¿Y los días de vinos y de rosas?
Jueves, 2 de diciembre del 2010 Joan Barril Periodista
No sabemos si en el vino, como decían los clásicos, está la verdad. Pero hay que sentirse muy sobrio para decirla. Y la verdad del vino es una verdadera paradoja. Hay mucho vino en los campos y en las bodegas y mucho menos en las mesas. ¿Qué está sucediendo en este producto ancestral que se remonta al descubrimiento del aceite, de las salazones, del trigo y de las primeras ofrendas a los primeros dioses? Busquemos el vino a pie de calle y no lo encontraremos.
¿Saben ustedes que España ocupa el penúltimo lugar en consumo de vino de Europa justo detrás de Suecia? Me lo cuentan en una magnífica bodega de la calle de Enric Granados llamada, como no podía ser de otra manera, Bacus, en honor del que fue el gran inspirador enológico de la antigüedad.
El propietario de Bacus sabe de lo que habla. Lee, analiza, describe y pontifica. Vale la pena escucharle. «El consumo de vino en España se sitúa en torno a los 16 litros por persona y año». Mientras los políticos intentan convertir el vino en una suerte de bandera nacional la realidad está en otra parte.

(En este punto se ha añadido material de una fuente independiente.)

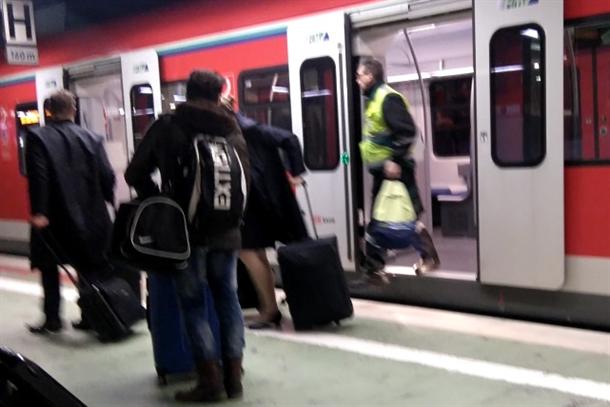 Koje delove Beograda će spajati metro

El mercado vitivinícola está absolutamente atomizado. Muchas bodegas para tan poco consumo. Muchas bodegas que no pueden hacer frente al empuje de las grandes compañías cerveceras. El enemigo del vino no es otro vino, sino la potencia publicitaria con la que la cerveza promociona y patrocina toda la actividad humana, desde los deportes de competición hasta los castellers. El vino, mientras tanto, envejece en las lagares a la espera que el consumo diario lo descubra.
Me dice el semidiós Bacus que en Catalunya el vino ya no se pide en las barras. Lo haríamos en Francia, donde el consumo sobrepasa los 40 litros por persona y año. Pero en Catalunya el vino ha caído en desuso. En primer lugar por el desprestigio al que ha sido sometido por el fundamentalismo salutífero de ciertas autoridades que consideran que el vino es alcohólico pero que la cerveza debe ser algo así como el agua de Vichy. En segundo lugar por el cambio de cultura doméstica que obliga a los ciudadanos a comer fuera de casa. Y ¿qué hay fuera de casa? Unos vinos de precio inflacionario auspiciados por bodegueros noveles que han llevado los excedentes de la industria inmobiliaria hacia inversiones más nobles como puede ser el vino.
El vino español, domesticado por esos inversores cortoplacistas, acaba resultando caro. Mientras que el vino francés, consciente de lo que se estaba jugando, ha logrado mantener los precios y hacerse con una cuota de mercado que ya quisieran para ellos ciertos cavistas catalanes fuera de la temporada navideña.
La cerveza está al acecho de los manteles y busca un público joven al que los bodegueros del vino no han sabido tentar. Bacus se lamenta de esa miopía de los elaboradores cercanos. «Lo difícil es hacer un buen vino. Y aquí sabemos hacerlo. Pero lo fácil debería ser venderlo. Y eso, por lo visto, no es elegante». Demasiados esfuerzos en asomarse a la guía Parker y demasiada desidia a la hora de colocar el vino en las barras de tapas y en los restaurantes de menú de mediodía.
Bacus me deja en la soledad de Enric Granados y, de pronto, me he sentido vinícolamente sueco.